The Gilt Groupe is a flash sale company. On their website, they host extremely short-term sales events (most last less than two hours!) featuring limited quantities of merchandise from top brands. The combination of short duration and limited quantities makes an appealing mix for competitive shoppers, who are legion. In six years, the brand has accumulated 7 million customers.
Why, then, did the Gilt Group recently take a 90-day break from sourcing new merchandise, adding any new services, or even trying to attract new business?
Know What Time It Is
According to the story Alexis Maybanks, Gilt Groupe’s co-founder, shared at the Women Entrepreneurs Rock the World Conference, the company was experiencing tremendous growth, and with that growth came some growing pains. The sales volume was overwhelming; the customer service department was swamped.
The Gilt Groupe leadership team faced a choice: continue pursuing growth at any cost, or put the brakes on long enough to focus the organization’s energy and resources on better serving the existing customer base?
This is not a unique challenge in the retail world. Every brand wants to grow; many brand managers have been duped into thinking that growth generation is the raison d’etre for their profession. And they’re not completely wrong: a brand that is not growing is a brand that is dying.
The Gilt Groupe demonstrated an understanding that not all growth is equally desirable. There’s a difference between sustainable growth (an increase in market share that allows a company to both attract and please new customers) and problematic growth, where the sheer volume of customer traffic rapidly outpaces the brand’s ability to provide an emotionally satisfying experience on an individual basis.
Problematic growth is the retail equivalent of a Bangladeshi garment factory: the building gets taller and taller, with more and more people inside of it, working harder and harder — all until the critical moment where the building’s infrastructure fails and everything comes down in a horrible crash.
A Time To Build, A Time To Grow
As a Brand Manager, you don’t want to build the Bangladeshi garment factory.
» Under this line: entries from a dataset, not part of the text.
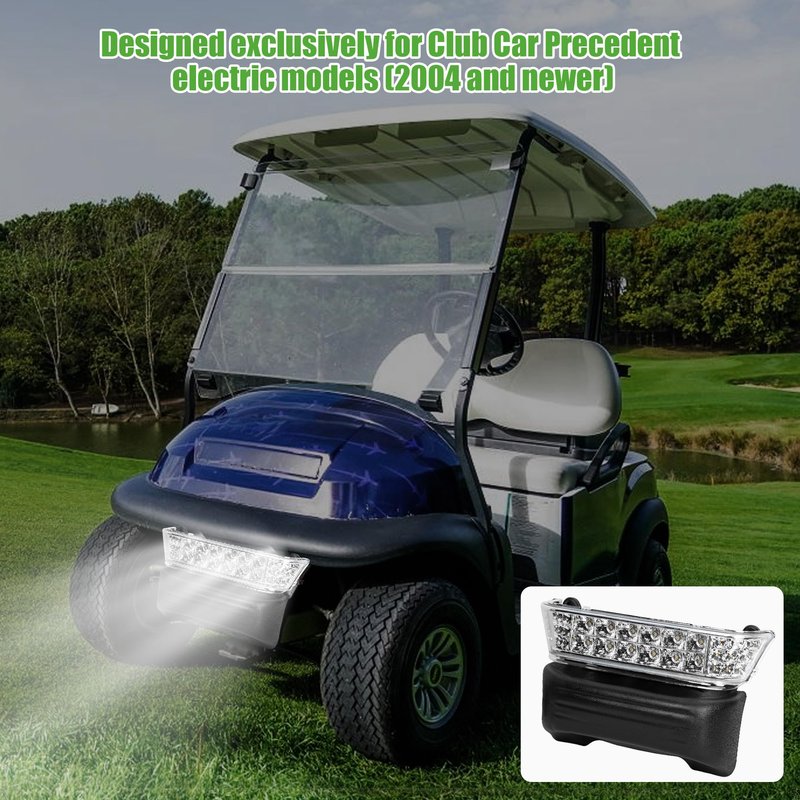 10L0L Club Car Precedent Headlight Kit With Bumper - 12V Direct Replacement for 2004-Up Electric Golf Carts, Plug-and-Play Installation, Short Harness & Button Switch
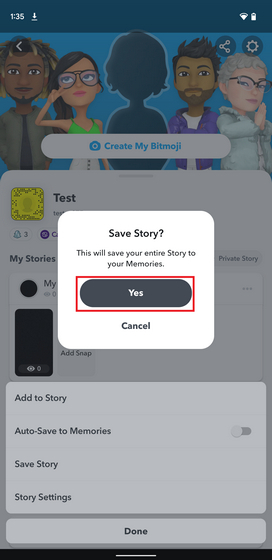 confirm to save story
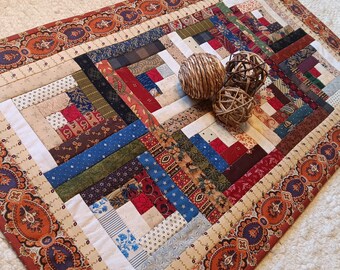 Quilted Log Cabin Table Runner 15 x 25.5 Topper Handmade Scrappy Primitive Rustic Farmhouse Country Cottage Chic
You want to build a strong company with a robust retail infrastructure to support brand growth. That means you have to know what time it is. Consider your brand’s current circumstances, and examine how well you’re pleasing your customers. Be objective and analytical. Ask lots of questions, including:
- How long does it take your customers to place an order or make a purchase?
- Is it easy to reach your customer service department?
- How long does it take for the typical complaint to be resolved?
- How many complaints do you have, and what are those complaints about? (Be aware that customers can leave without ever once voicing their displeasure with how you’re doing things.)
- What percentage of your business comes from repeat customers?
- How much of your new business converts into an ongoing relationship?
It’s only after you have the answers to these questions, and you can compare the actual results to the benchmarks of performance that you’d like to see, that you can determine what time it is. Is it time to concentrate on building your company by improving and enhancing the customer experience, or do you have the justifiable confidence to focus your efforts on growth?
Sustainable growth is a balancing act, predicated on the understanding that it is always ultimately better for brand longevity to build a good company than a bad one. Customers are drawn in when they know they’ll be treated well; they’ll stay when you prove it to them.
The effort and energy Gilt Groupe put into building up their website and customer service capabilities is time well spent. So much of the brand’s appeal is dependent on a specific emotional experience: the thrill of competitive shopping, coupled with the triumph of getting in on the deal. Ensuring that there are no technical difficulties or overwhelmed staffers to short-circuit that emotional experience will result in brand growth.
Be A Better Brand Manager: The Essentials
Know what time it is. Assess your company’s performance regularly and objectively.
Improving the customer experience always pays off.
Don’t be afraid to put on the brakes. Going full speed is no good if it takes your company right into the wall of disappointing your customers.